A few days ago, Congressman Trent Franks (R. AZ) made the rounds of the cable news stations. A proud member of the right wing House Freedom Caucus, Franks went on — as members of his caucus are wont to do — about the dangers to the future of the Republic as we know it should Hillary Clinton win the White House. This will be the last election in America… The Constitution will be destroyed… Hillary Clinton wants to yank babies out of the womb and kill them the day before they are due… The Second Amendment will be repealed… Liberty is at stake… and on and on.

While Franks gave all the indications of being a man who believed every word he was saying, I had no idea what he was talking about, or how they come up with this stuff. This was not Sean Hannity, a cable news huckster who needs to find new line of chatter to keep his ratings up and his advertisers happy, this was a prominent member of the House of Representatives, who evidently lives his life so buried in his right wing cocoon that he believes the nonsense he and the members of his caucus put out there to keep their constituents riled up.

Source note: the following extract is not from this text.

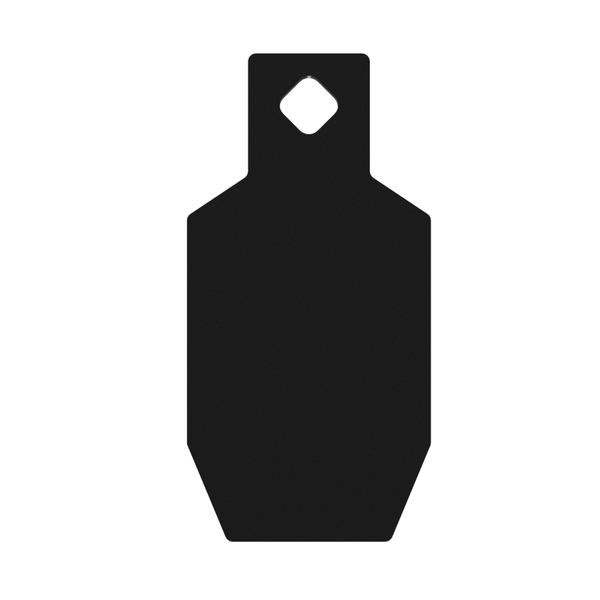 Cible IPSC Mini Officielle – Disque De Compétition 30,6 X 38,1 Cm, Zones A/C/D Perforées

There is little new in Franks’ political version of end times rhetoric. Twenty years ago, during the 1996 presidential primary season, Senator Phil Gramm (R. TX) predicted a similar demise of the nation should he not succeed in his presidential bid: If we do not win, within ten years, America as we know it will cease to exist. The difference in the wake of the rise of Donald Trump is that however extreme Franks’ rhetoric might seem to be, he is being flanked to his right by the Republican nominee for President and his inner circle. As hard as it is to imagine, the conservative movement in America is now at risk of being coopted by alt-right operatives who have little or no concern for the future of the country, but only for their own, bizarre extremist agenda.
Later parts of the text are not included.